Changing Stage Backdrops

Like costumes, our project can have multiple alternate backdrops. We first add a sunny beach scene from the library to set up where the next part of our story will unfold. A backdrop change block at the start switches the stage to the castle initially. Later, we insert another switch backdrop block to apply the beach scene right after our elephant flees the loud noise.

Detecting Backdrop Changes

With the beach set, we introduce a ballerina sprite who will meet up with our elephant and dance together. By default, sprites persist visibly across all backdrops. To hide the ballerina inside the castle, we set her invisible flag on start.
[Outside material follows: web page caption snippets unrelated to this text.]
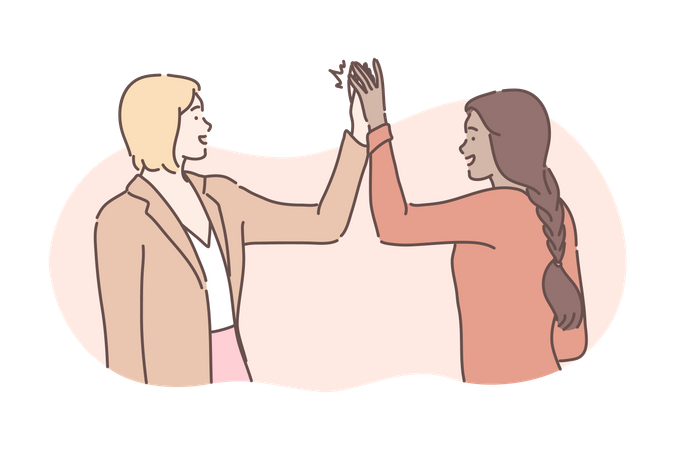 Office friends giving high five  Illustration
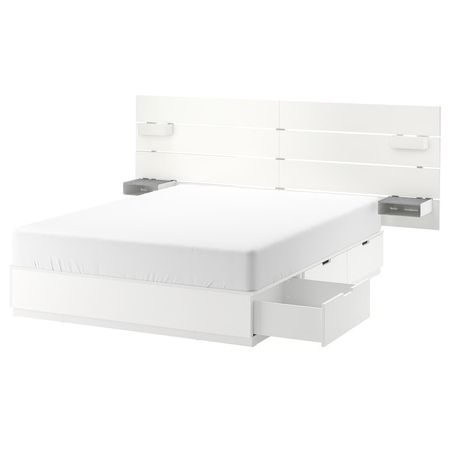 NORDLI Каркас кровати/отд д/хран/изголовье - белый 140x200 см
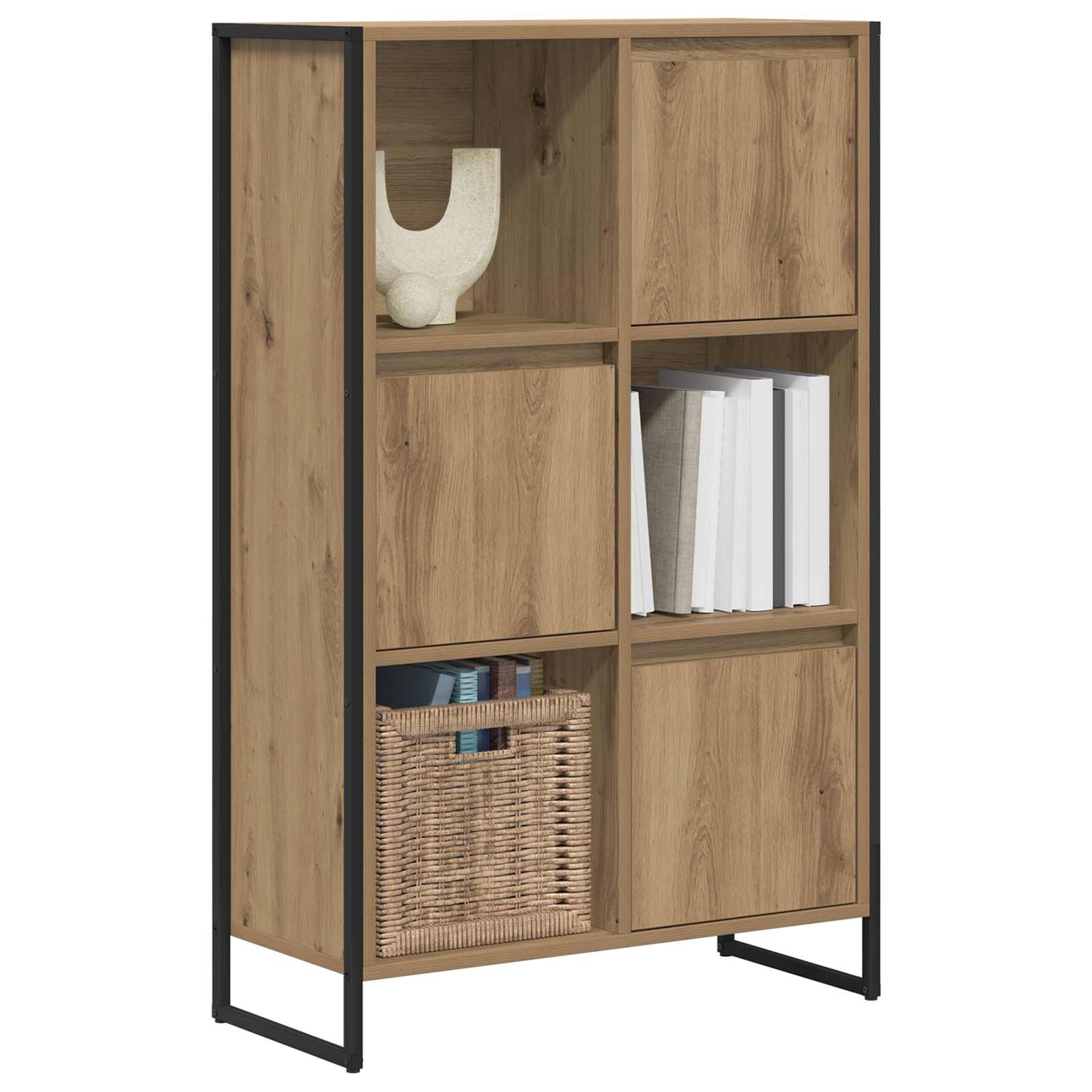 Boekenkast Ambachtelijk eiken 68 x 30 x 108.5 cm Bewerkt hout is nu te koop bij PeponiXL, paradijselijk wonen!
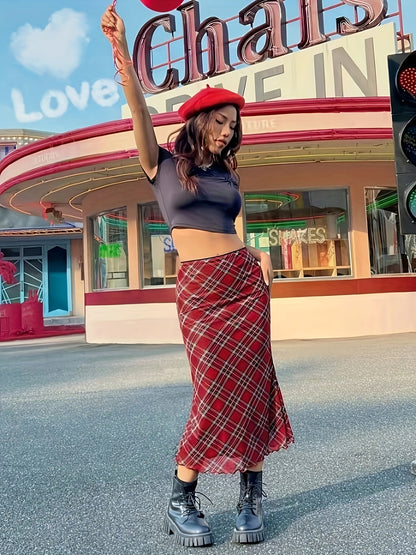 Women's Elegant Checked Maxi Skirt Vintage Style – Casual & Everyday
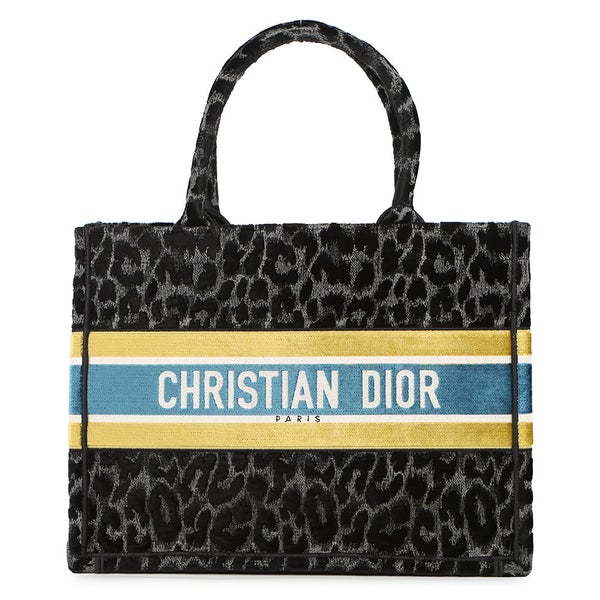 クリスチャン・ディオール トートバッグ ブックトート レオパード ミディアム M1296ZTGT Christian Dior 黒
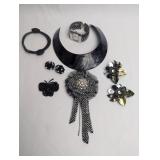 BLACK LAQUER COLLAR CHOKER, PRACELET, FASION GENEV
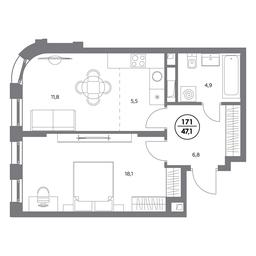 2-BD Apartment Sale, 47.1 sq. m. at Admiral, Shosseynaya Street, 4А, Moscow, Russia #2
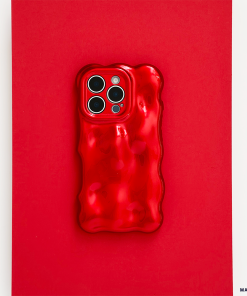 3D Bubble Phone Case - Cherry Red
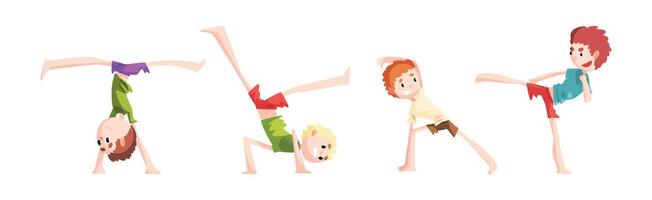 Cute Little Boy Somersaulting Doing Physical Exercise and Stunt Set vector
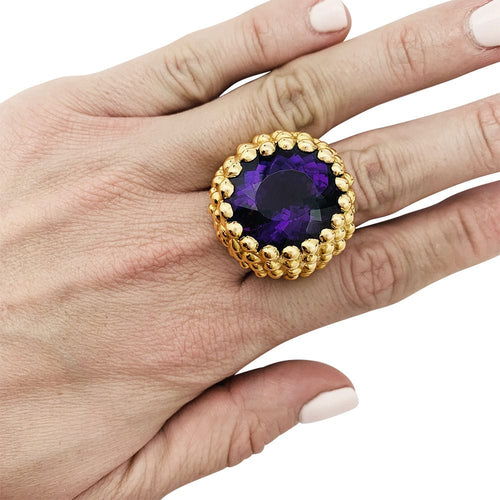 Bague 53 Bague Garnazelle or jaune, améthyste. 58 Facettes 30927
Then with a conditional checking for the new beach backdrop, we trigger her visibility to coincide precisely with that scene change.


And with that, we've built a complete mini-story in Scratch 3.0 that ties together motion, sound, dialogue, sprites, animation, and backdrops!

This short example only hints at what's possible for beginners to create. Check out the next tutorial where we'll expand on these foundations to program a fully interactive game in Scratch. The simple building blocks interface makes it surpringly easy to build sophisticated projects.

So get ready to unleash your creativity with coding using Scratch! Check out all the additional functionality in the documentation as you get more advanced. And be sure to share your projects with the community to inspire others getting started on this rewarding journey.


Q: What programming language does Scratch use?
A: Scratch uses a visual programming language made up of blocks that snap together to control sprite behavior.

Q: Can I use Scratch on my phone or tablet?
A: Yes, there are Scratch apps available for both iOS and Android mobile devices.

Q: Is Scratch only for kids?
A: While Scratch is often used to teach kids coding, it can be a great tool for beginner coders of any age to learn core programming concepts.

Q: Can I share my Scratch projects?
A: Yes, you can easily share your finished Scratch projects by publishing them to the Scratch website community.

Q: Can I use Scratch offline?
A: Scratch 3.0 requires an internet connection, but Scratch 1.4 and 2.0 can be downloaded for offline use.

Q: What can I build with Scratch?
A: You can create games, animations, interactive stories, music, art and more with Scratch!

Q: Is Scratch free to use?
A: Yes, Scratch is completely free and open-source. There are no ads or fees.

Q: How do I add music to my Scratch project?
A: You can upload your own sound files or use music from the Scratch sound library. Drag the 'play sound' block to play sounds.

Q: Can I use Scratch on a Chromebook?
A: Yes, Scratch 3.0 runs directly in the Chrome browser on Chromebooks.

Q: What coding skills does Scratch teach?
A: Scratch teaches core coding concepts like loops, conditionals, variables, events and more in a fun, easy to learn environment.